Nacido en San Juan en 1791, en su momento se incorporó a los federales de Facundo
Quiroga, bastión contra la política porteñista que relegaba al País Profundo. A la muerte
de este último, Benavídez comenzó a consolidar el apoyo que el pueblo sanjuanino le
brindó y fue elegido gobernador en 1836; Rosas le otorgó el grado de brigadier general.
Con intervalos fue el gobernador de San Juan entre 1836 y 1854. Benavídez era un
caudillo de indubitable convicción federal, que había mantenido relaciones cordiales con
Rosas, sin abandonar su autonomía.
Siendo leal a su independencia, se alineó con la política de soberanía nacional de Rosas,
aunque manifestó su desacuerdo con la detención del “Chacho” Peñaloza. En ese
momento, resistió la orden de Rosas para que le enviara el prisionero a Buenos Aires.
Mantuvo el apoyo masivo a través de una gestión popular. Impulsó la irrigación y el
desarrollo de la agricultura y la minería. Acrecentó a la educación pública, manteniéndose
prudente en sus decisiones. Increíblemente en más de una oportunidad sustentó una
posición contemporizadora respecto a Sarmiento.
Gestado y llevado a cabo el derrocamiento de Rosas, Benavídez asistió a la reunión de
San Nicolás de los Arroyos –convocada por Urquiza- y apoyó la política de la
Confederación, en la comprensión de que conducía a la organización nacional. Pero, los
integrantes del partido unitario –es decir, los liberales amigos de Sarmiento- lo hostigaron
con una intensa oposición. Luego de varios años de gobernar la provincia, Benavídez fue
obligado a dejar el cargo.
Divergencias, una de ellas la ley de derechos diferenciales, por la que abogaba Juan
Bautista Alberdi para quebrar el monopolio del puerto, amplían la tensión entre la
Confederación y Buenos Aires.
En aquel inusitado devenir, Nazario fue apresado por los liberales, siendo engrillado en su
celda –a pesar de su edad, (casi setenta años, que, para la época, era avanzada-, hasta
que en la noche del 23 de octubre fue víctima de una acción terrorista consumada por sus
enemigos, quienes lo asesinaron en la cárcel, argumentando un conato de fuga.
Dice una crónica: “Medio muerto, fue enseguida arrastrado con sus grillos y casi desnudo,
precipitado de los altos del Cabildo a la balaustrada de la plaza, donde algunos oficiales
se complacieron en teñir sus espadas con su sangre, atravesando repetidas veces el
cadáver y profanándolo hasta escupirlo y pisotearlo”.
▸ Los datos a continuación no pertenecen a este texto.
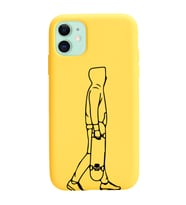 Iphone 11 Çizgi Tasarımlı Sarı Lansman Telefon Kılıfı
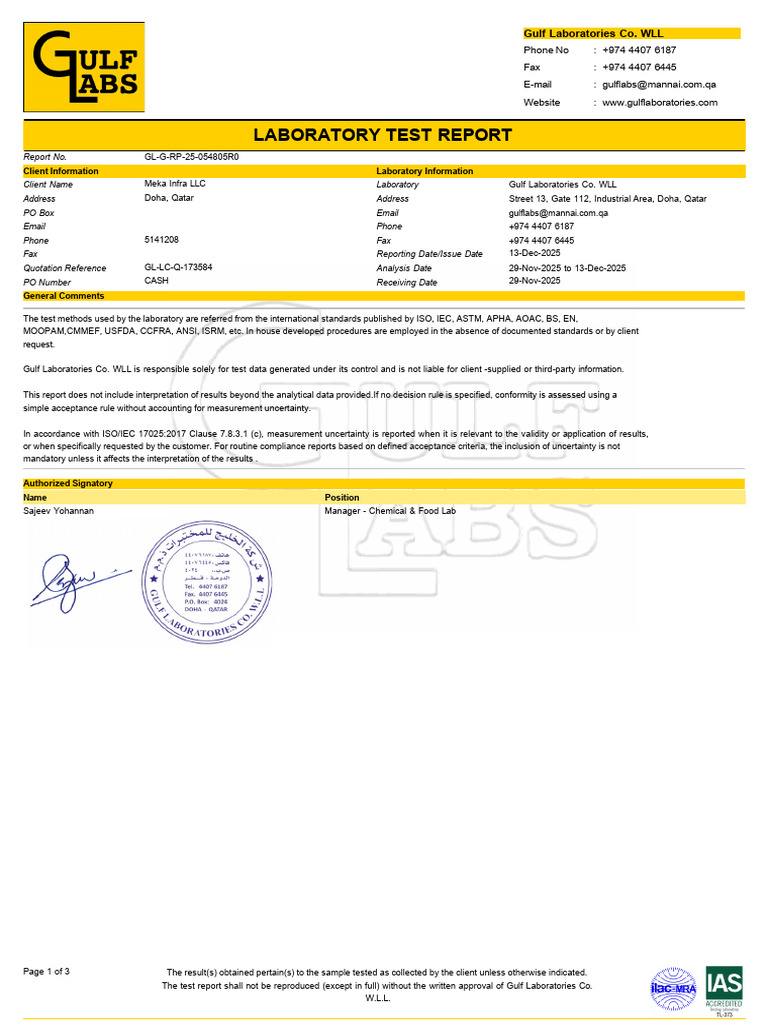 Gulf Laboratories Sea Water Test Report | PDF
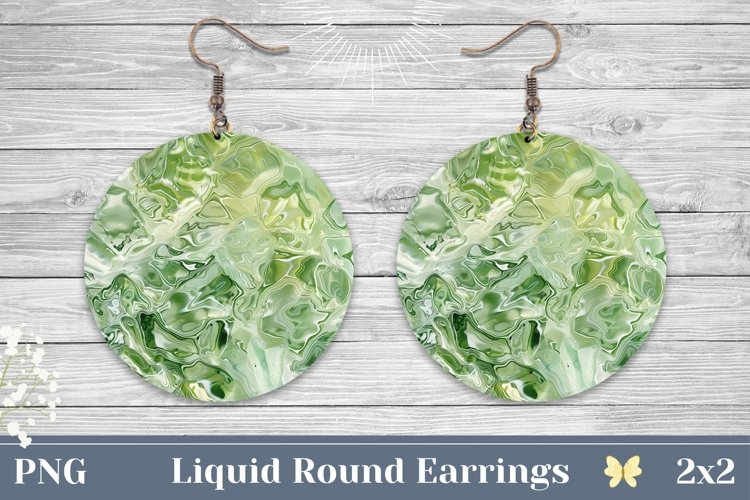 Light Green Round Earrings, Abstract Sublimation Design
Este asesinato fue una de las razones de peso que condujeron a la Confederación
“urquicista” por darle el nombre del entonces máximo referente federal- a dar batalla a la
oligarquía porteña en la batalla de Cepeda. Cárcano dice así del asesinato de Benavídez:
“El general Benavídez, gobernador vitalicio de San Juan durante la tiranía, con suficiente
talento y bondad para ejercitar el mando con cierta tolerancia y mansedumbre, fue el más
combatido por el gobierno de Buenos Aires y el más protegido por el gobierno de la
Confederación, porque, sin duda, era el hombre de mayor valor entre los caudillos
locales… Fue asesinado por sus propios guardianes y desde los balcones de su
calabozo, arrojado el cadáver sobre la vía pública. El hecho causó intensa impresión en
todo el país… Sarmiento en El Nacional, aplaudió francamente el crimen: Juan Carlos
Gómez, en La Tribuna, no fue menos expansivo… En Paraná, el cobarde asesinato causó
indignación y alarma… El episodio trágico estimuló el ardor guerrero. Los hombres de la
Confederación se sintieron amenazados por el crimen. El estado de combustión encontró
la chispa incendiaria”.
Según Coronado, Urquiza afirmó que “había que desentrañar el mal, acabar con los
agitadores sacándolos de su centro”. ¿Dónde estaban los agitadores? ¿Quiénes eran?
Estaban en Buenos Aires. Eran, para Urquiza, los asesinos de Dorrego, de Bustos, de
Latorre, de Heredia, de Costa, de Benítez, de Benavídez...
A pesar de la importancia de su figura política, su categoría de caudillo federal fue
suficiente para que sobre él cayera el olvido.